Method 1: By Mathematical Induction
(1) We want to prove for all odd integers n > 0 the statement P(n) that 9ⁿ + 1ⁿ is a multiple of 10.

P(1) is true. If P(k) is true then consider P(k+2):

9^k+2 + 1^k+2 = 81(9^k + 1^k)-80

so P(k+2) is true and the result is true for all odd numbers by the axiom of induction.

Similarly 7¹ + 3¹ is a multiple of 10 and if 7^k + 3^k is a multiple of 10 then

7^k+2 + 3^k+2 = 49(7^k) + 9(3^k) = 40(7^k) + 9(7^k + 3^k)

so this is also a multiple of 10 and the result is true for all odd numbers by the axiom of induction. Note that 9²+1² and 7²+3² are not multiples of 10 so the result is not true for even numbers.

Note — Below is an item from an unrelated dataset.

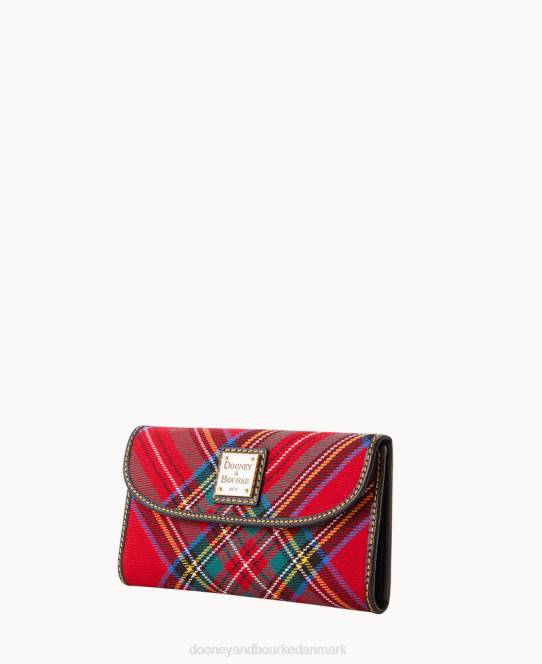 Dooney & Bourke tartan kontinental clutch JV0J4535 tilbehør rød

(2) We have 8⁰-2⁰ and 8²-2² are both multiples of 10. If 8^k-2^k is a multiple of 10 then

8^k+2 - 2^k+2 = 64(8^k) - 4(2^k) = 60(8^k) +4(8^k-2^k)

so this is a multiple of 10 and the result is true for all even numbers. Similarly 6²-4² is a multiple of 10 and if 6^k-4^k is a multiple of 10 then

6^k+2 - 4^k+2 = 36(6^k) - 16(4^k) = 20(6^k) + 16(6^k-4^k)

which is a multiple of 10 and so the result is true for all even numbers.

Note that 8 - 2 and 6 - 4 are not multiples of 10 and the result is not true for odd powers.

(3) The corresponding results are 9ⁿ - 1ⁿ and 7ⁿ - 3ⁿ are multiples of 10 when n is an even number which can be proved by induction.

(4) Similarly 8ⁿ + 2ⁿ and 6ⁿ + 4ⁿ are multiples of 10 when n is an odd number which can be proved by induction.

Proof using the Binomial Theorem

7ⁿ + 3ⁿ = 7ⁿ + (10-7)ⁿ = 7ⁿ + 10ⁿ + ..... + (-7)ⁿ.

All the terms of the Binomial expansion involve powers of 10 apart from the term (-7)ⁿ so the expression is a multiple of 10 when n is odd but not when n is even. The same method works for all other parts of the question.